When former Republican congressman Joe Walsh announced last Sunday that he was running against Trump for the party’s nomination for president in 2020, the instant verdict was overwhelming: Walsh does not have a chance in hell. “Mr. Walsh stands virtually no chance of wresting the Republican presidential nomination away from Mr. Trump,” the New York Times wrote. And the Times is correct.
But Walsh’s run could still herald the end of Trump’s presidency.
Since the advent in the 1960s of the modern system of party primaries for presidential nominations, no incumbent president seeking re-election has been successful if challenged in the primaries.
There are no Newtonian rules of politics as there are in physics, but there are certain axioms that have proved true over history. And among the most important is this: Going back to Franklin D. Roosevelt, but really since the advent in the 1960s of the modern system of party primaries for presidential nominations, no incumbent president seeking re-election has been successful if challenged in the primaries.
In 1968, Lyndon Johnson withdrew from the race following challenges from Senators Gene McCarthy and Robert Kennedy. Johnson’s words from the Oval Office on March 31, 1968 remain some of the most haunting ever uttered in a presidential address: “Accordingly, I shall not seek, and I will not accept, the nomination of my party for another term as your president.” The nation was irrevocably changed that night.
In 1976, President Gerald Ford, who assumed office in 1974 following Richard Nixon’s resignation over Watergate, fought off California Governor Ronald Reagan – and lost to Jimmy Carter. In 1980, Carter beat Senator Ted Kennedy to win the re-nomination, and lost to Reagan. In 1992, President George H. W. Bush was challenged by conservative Pat Buchanan – and lost to Arkansas Governor Bill Clinton.
Reagan, Clinton, George W. Bush and Barack Obama never had an opponent to re-nomination and each served two terms.

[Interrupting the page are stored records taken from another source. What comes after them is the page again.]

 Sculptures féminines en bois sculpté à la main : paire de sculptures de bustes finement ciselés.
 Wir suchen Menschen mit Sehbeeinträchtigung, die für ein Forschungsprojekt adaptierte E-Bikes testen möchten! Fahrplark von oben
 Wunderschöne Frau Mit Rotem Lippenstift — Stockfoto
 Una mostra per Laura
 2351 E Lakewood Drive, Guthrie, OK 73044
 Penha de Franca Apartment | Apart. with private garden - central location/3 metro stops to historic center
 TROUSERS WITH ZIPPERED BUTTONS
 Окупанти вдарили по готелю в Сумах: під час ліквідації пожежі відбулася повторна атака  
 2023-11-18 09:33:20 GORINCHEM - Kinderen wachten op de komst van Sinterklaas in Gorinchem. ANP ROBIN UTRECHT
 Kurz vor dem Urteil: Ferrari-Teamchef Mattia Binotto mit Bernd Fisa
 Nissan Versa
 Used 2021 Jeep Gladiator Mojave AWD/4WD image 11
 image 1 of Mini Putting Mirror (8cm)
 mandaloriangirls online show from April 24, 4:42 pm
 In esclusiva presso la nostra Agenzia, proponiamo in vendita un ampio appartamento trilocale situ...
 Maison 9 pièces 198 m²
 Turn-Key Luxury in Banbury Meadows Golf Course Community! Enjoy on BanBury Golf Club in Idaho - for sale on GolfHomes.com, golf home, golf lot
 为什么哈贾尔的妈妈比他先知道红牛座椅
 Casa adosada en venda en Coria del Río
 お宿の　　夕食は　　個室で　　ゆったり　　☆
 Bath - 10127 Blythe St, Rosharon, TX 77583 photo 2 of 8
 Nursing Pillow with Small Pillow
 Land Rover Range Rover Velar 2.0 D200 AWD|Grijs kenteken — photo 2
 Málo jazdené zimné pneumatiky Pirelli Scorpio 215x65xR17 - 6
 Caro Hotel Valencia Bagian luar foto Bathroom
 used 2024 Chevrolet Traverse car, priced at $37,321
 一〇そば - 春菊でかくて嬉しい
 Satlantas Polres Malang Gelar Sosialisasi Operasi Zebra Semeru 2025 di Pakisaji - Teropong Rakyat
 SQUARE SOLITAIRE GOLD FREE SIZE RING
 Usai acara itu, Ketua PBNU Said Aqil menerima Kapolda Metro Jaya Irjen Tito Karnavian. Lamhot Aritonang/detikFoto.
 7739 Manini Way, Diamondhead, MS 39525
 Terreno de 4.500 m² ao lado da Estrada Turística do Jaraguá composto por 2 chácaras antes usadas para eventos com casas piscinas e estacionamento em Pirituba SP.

Aside from coming after Trump from the rigid hard-right of the conservative movement – a part of Trump‘s base – and with an air of moralism against Trump’s personality and style, why will Walsh inflict damage on Trump? Walsh will get measurable media attention. He will challenge Trump to debates during the primaries – and force Trump to publicly ignore him. While Trump has 85 per cent support in the Republican Party, any primary showing where Walsh and the other rebellious contender, former liberal Governor William Weld of Massachusetts, might together take out 25 per cent of a given state’s Republican primary contest (think New Hampshire) will be noteworthy. In other words, Walsh will be a noisy nuisance who will get airtime, and Trump will have to pay attention at least to Walsh and will have to devote resources against him.
All these incursions by Walsh mean that Trump will have to spend some of his political capital and therefore make Trump weaker going into the general election than would be the case if he was truly unopposed for re-nomination.
While this is not an iron law of politics, there is some truth in a half century of testing in the field.
Walsh could well number Trump’s remining days in office.